(Beginning of Information supplied)

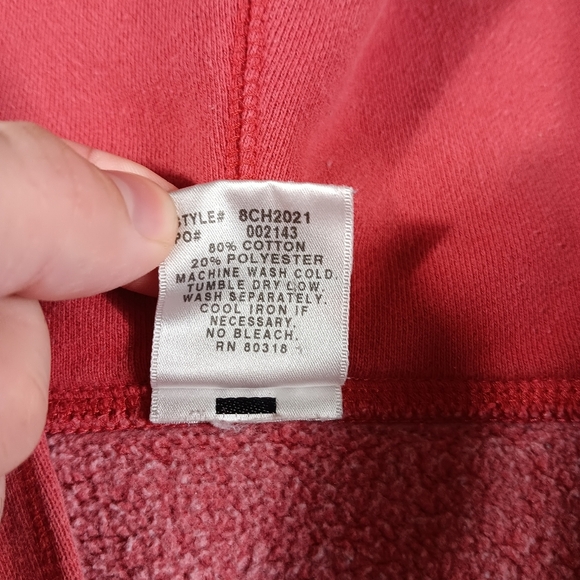 Vintage Lucky Brand Hoodie Womens XL Red Spellout Embroidered Denim Y2K - Picture 3 of 15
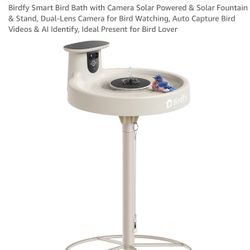 Solar Powered Bird Watch Camera With Solar Fountain And Stand, New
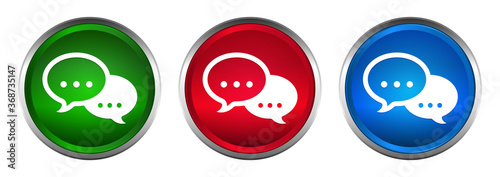 Talk bubble icon supreme round button set design illustration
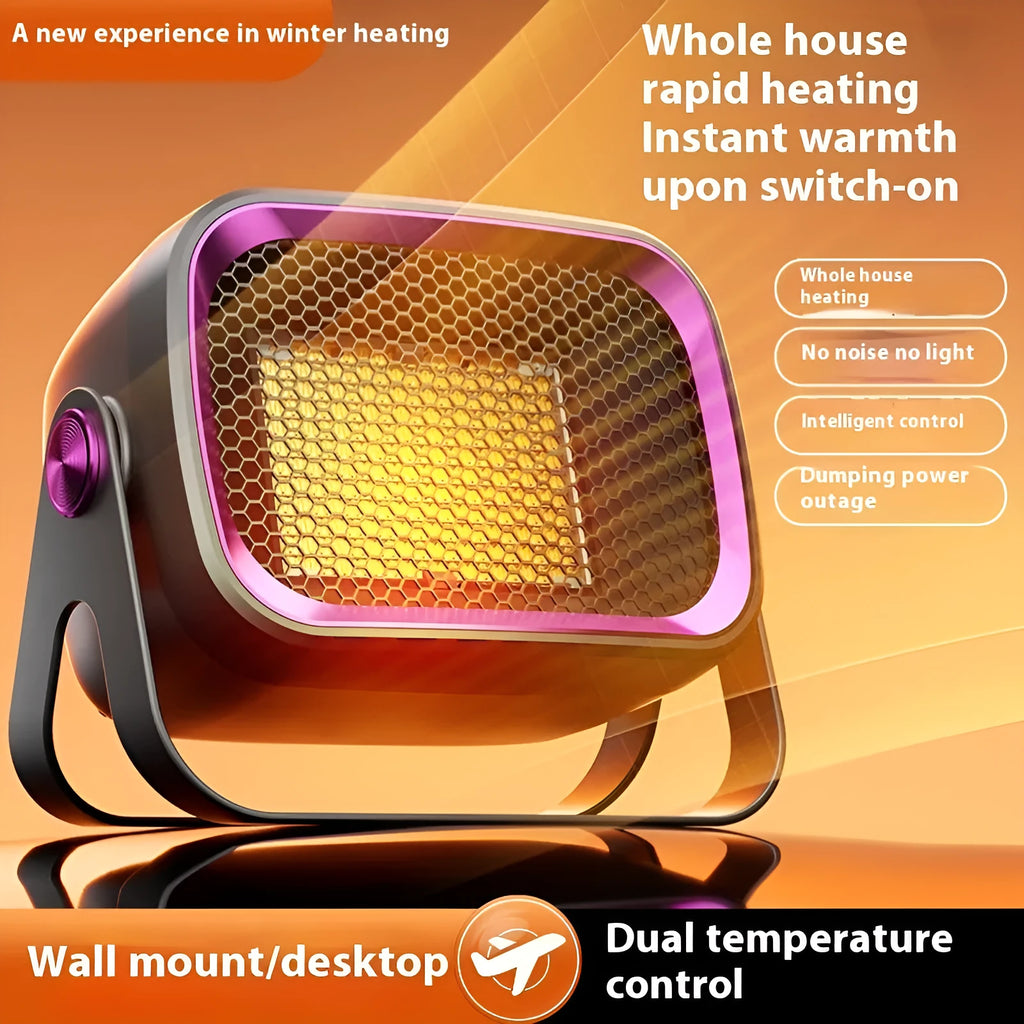 A compact grey desktop ceramic electric heater with a rotatable base on a wooden desk.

(End of Information supplied)

An exact copy of the listing is required, with every image removed.

 Vintage Lucky Brand Hoodie Womens XL Red Spellout Embroidered Denim Y2K - Picture 3 of 15
 Solar Powered Bird Watch Camera With Solar Fountain And Stand, New
 Talk bubble icon supreme round button set design illustration
 A compact grey desktop ceramic electric heater with a rotatable base on a wooden desk.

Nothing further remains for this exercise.